Friday, December 23, 2011

La Bastide Bistro - Scripps Ranch, CA

Feasting Flashbacks: North County Noshing
Hot down, summer in…North County. Tiff and Matt had moved out of the city a few months before and even though I’d been enjoying their new Playboy-Mansion-sized pool, I was still pouting about how far away they were. And tonight was no different, especially since we were meeting them for dinner at some strip-mall in Scripps Ranch.

North County’s strip-malls were strung like pearls, plentiful and lined in neat rows, but more like gaudy, costume jewelry than precious gems. Though I had to admit, La Bastide Bistro seemed to possess some real value. My ears perked to the rustle of butcher paper, smoothed on tabletops for a crisp, clean canvas as my nostrils filled with food fumes that could rival pheromones aroused by Chanel No.5.


The intoxication didn’t stop there. A sprite-ly Chateau de St. Martin flitted on my tongue with the lithe of a diver's spring on the board before leaping into delicate flight - a refreshing plunge for the palate.

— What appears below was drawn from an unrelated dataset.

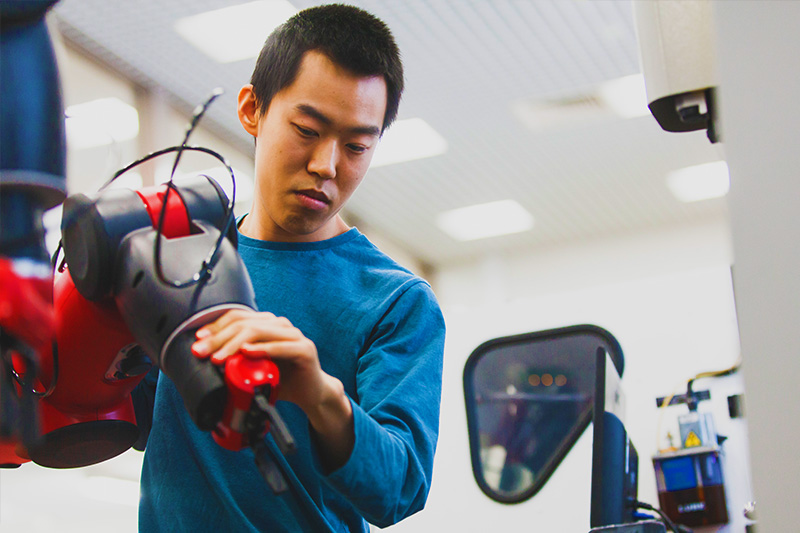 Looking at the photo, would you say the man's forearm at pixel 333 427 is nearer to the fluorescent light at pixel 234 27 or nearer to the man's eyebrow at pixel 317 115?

A plateful of nosh-ables arrived and though I found the pâté a bit passé, the rest of the group gobbled it up greedily, along with the cured meats that provided a perfect distraction from my farm fresh salad.




Jersey girls have a thing about their tomatoes and these were juicy, sweet and ripe. A good yellow tomato is like eating the sun – it encompasses all that is summer. Simple greens and a splash of good balsamic was all the dressing up these beauties needed. Clumps of goat cheese + tomato juices = nature’s vinaigrette.




The halibut was a hellava one with tomatoes, artichokes and baby red potatoes in a lemon/white wine broth, but Bubba was lucky we both ordered the same thing because when the two came to the table, mine was visibly larger. True to my wifely duties, I switched with him, but other table members wouldn’t necessarily have parted with the fuller fillet - uniform portions please!




The hanger steak was cooked with finesse and left tender in its red wine/ cherry reduction, but got a bit mired down with ingredients - the spice rub and sauce seemed to compete with each other. And though the meat paired well with a side of brocollini, you could crack a tooth on the rice.




The rice also acted as a weapon in the paella and I didn't even understand why this dish was appearing on a "Country French" menu. Why have a random, Spanish, specialty dish if you can’t execute it well? The rice was undercooked, the shellfish overcooked - it was a failure in every possible way.




Truffle mac-n-cheese was ok, nothing stand-out and in the end, I felt lucky with my selections – the wine, salad and fish were all a hit – but other orders weren’t so lucky. Worth the hike? Probably not, but I’d keep it in mind when I came up for a swim.